Presenter of 1 Presentation
TDP-43 IMMUNOTHERAPY DECREASES NEUROPATHOLOGY AND CONFERS NEUROPROTECTION THROUGH MICROGLIAL ENGAGEMENT IN MOUSE MODELS OF ALS/FTD
Abstract
Aims
Accumulation of pathological transactive response DNA binding protein 43 (TDP-43) into intracellular inclusions underlies frontotemporal lobar degeneration with TDP-43 pathology (FTLD-TDP), amyotrophic lateral sclerosis (ALS) as well as the newly defined limbic-predominant age-related TDP-43 encephalopathy (LATE). TDP-43 inclusions are also present as co-pathology in other neurodegenerative diseases including Alzheimer’s disease. However, no therapeutic interventions targeting TDP-43 pathology are in clinical development.
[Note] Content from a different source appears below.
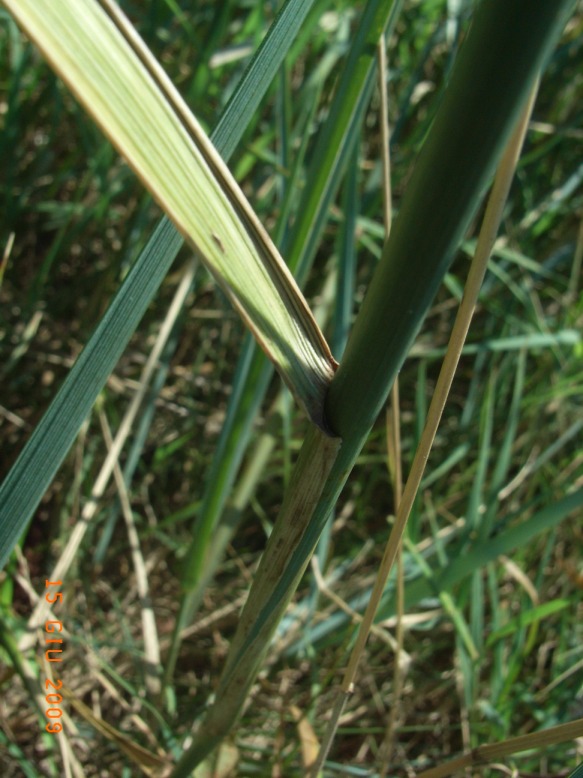 lungo il canale - Agropyron repens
Antibody-mediated clearance of misfolded TDP-43 by microglia and inhibition of cell-to-cell protein spreading represents an attractive strategy for therapeutic intervention.
Methods
Monoclonal antibodies (mAbs) were generated against various regions of TDP-43 using AC Immune’s proprietary SupraAntigenTM platform and selected for evaluation in cell-based and mouse models of TDP-43 proteinopathies.
Results
From a panel of mAbs, ACI-5891 binding to the C-terminal domain of TDP-43 was identified to substantially reduce de novo and templated TDP-43 aggregation induced by FTLD-TDP brain extracts. In rNLS8 transgenic mouse model of ALS and FTLD-TDP, ACI-5891 significantly reduced the levels of phosphorylated TDP-43 (pTDP-43) and insoluble TDP-43 in the brain with a concomitant increase in hypertrophic microglia without induction of inflammation. These outcomes translated into a significant neuroprotective effect in a second mouse model induced by inoculation of FTLD-TDP brain extracts and correlated with significant increase of mAb-mediated TDP-43 aggregate uptake by microglia in vitro.
Conclusions
Our findings demonstrate for the first time that a mAb specific for the C-terminal region of TDP-43 enables clearance of misfolded TDP-43 in vivo through microglia engagement thus limiting pathology progression and conferring neuroprotection. These results support the clinical assessment of TDP-43 immunotherapy.